Attenzione, l’articolo contiene spoiler.
E’ la nuova frontiera del thriller spionistico declinato nella sua accezione più politica, e ha fatto il botto in tutti i sensi. Perché Homeland ha conquistato spettatori, critici e industria che l’ha sommerso di premi (ultimo l’Emmy a Claire Danes), e perché il finale della 2^ stagione era proprio una bomba che devastava la sede della CIA a Langley. La 3^ stagione, partita praticamente in contemporanea su Showtime in America e Fox in Italia riparte da quella bomba, soprattutto dai suoi crateri, fisici e spirituali.
I due episodi che aprono la stagione infatti (Tin Man Is Down e Uh…Oh…Aw) si concentrano su cosa è accaduto ai personaggi dopo la bomba e la figura di Brody, presunto colpevole: Carrie sotto processo per sospetto aiuto al terrorismo e con il suo passato di malattie mentale che torna a farsi vivo, la famiglia di Brody alle prese con il tentato suicidio della figlia e Saul costretto dall’umana vicinanza a Carrie e il dovere di proteggere la CIA e trovare i terroristi.
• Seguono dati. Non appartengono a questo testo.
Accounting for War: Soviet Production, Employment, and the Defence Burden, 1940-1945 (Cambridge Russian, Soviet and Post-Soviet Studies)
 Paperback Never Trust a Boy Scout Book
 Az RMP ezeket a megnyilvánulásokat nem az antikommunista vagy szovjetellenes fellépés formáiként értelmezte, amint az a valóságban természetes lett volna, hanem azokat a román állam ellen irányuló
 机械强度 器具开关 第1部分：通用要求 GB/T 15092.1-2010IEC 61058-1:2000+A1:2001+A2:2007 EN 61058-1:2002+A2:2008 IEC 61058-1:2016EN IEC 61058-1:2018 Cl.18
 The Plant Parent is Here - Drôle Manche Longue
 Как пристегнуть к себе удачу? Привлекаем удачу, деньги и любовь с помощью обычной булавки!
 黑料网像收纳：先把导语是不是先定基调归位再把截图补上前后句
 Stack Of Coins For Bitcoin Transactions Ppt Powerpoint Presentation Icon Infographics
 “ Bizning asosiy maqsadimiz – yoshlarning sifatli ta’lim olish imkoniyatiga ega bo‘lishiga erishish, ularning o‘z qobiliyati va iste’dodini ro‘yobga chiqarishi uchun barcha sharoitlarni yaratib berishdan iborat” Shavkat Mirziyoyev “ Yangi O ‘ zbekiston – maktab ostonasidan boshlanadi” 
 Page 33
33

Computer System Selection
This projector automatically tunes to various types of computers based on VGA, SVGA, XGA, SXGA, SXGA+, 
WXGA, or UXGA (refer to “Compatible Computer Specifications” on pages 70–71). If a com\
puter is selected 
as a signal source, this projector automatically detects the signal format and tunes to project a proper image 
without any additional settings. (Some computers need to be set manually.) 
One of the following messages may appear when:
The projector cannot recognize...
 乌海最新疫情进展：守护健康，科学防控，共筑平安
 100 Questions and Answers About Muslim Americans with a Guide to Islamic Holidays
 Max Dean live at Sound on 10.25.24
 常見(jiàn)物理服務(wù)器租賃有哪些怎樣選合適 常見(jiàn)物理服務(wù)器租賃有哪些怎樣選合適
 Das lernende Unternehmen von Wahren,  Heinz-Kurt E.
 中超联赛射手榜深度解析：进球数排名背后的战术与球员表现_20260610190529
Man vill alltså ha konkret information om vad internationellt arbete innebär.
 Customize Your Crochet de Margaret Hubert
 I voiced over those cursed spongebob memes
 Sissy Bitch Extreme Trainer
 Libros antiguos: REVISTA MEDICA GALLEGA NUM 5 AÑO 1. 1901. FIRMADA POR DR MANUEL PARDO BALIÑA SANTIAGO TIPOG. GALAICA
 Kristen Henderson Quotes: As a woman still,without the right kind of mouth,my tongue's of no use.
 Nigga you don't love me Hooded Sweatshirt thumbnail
Scritti da Alex Gansa, Barbara Halle e Chip Johannessen e diretti da Lesli Linka Glatter, i due episodi cambiano rotta dopo l’accelerazione incontrollata della 2^ stagione, soprattutto del suo finale: poca azione, meno suspense nel senso tradizionale, se non per una sequenza stile 24 nella première, e molto studio dei personaggi, soprattutto femminili.
Il che è il punto di forza e anche la maggior fonte di rischi di questo avvio di stagione che si svolge amplificando l’assenza del suo protagonista Brody concentrandosi sulle conseguenze delle sue scelte: e sono le donne a subirne i peggiori effetti, soprattutto Carrie che sente sulla sua pelle il peso del potere maschilista della CIA che cerca di schiacciarla e di toglierla di mezzo, confinandola in manicomio, per non farla parlare del suo rapporto con Brody e delle decisioni dell’Agenzia. Il controcanto, paradossalmente simile perché Carrie è unaparte del problema, è nella famiglia Brody, nella disperazione impotente di Jessica che oltre alle verità sul marito deve scoprire le verità sulla figlia, la quale confonde di continuo l’odio per il padre con l’amore, la rabbia per i genitori e quella per se stessa: nella sequenza più bella, Dana scopre gli oggetti con cui il padre pregava Maometto, li stende, e mentre li usa abbraccia il ricordo di un padre perduto.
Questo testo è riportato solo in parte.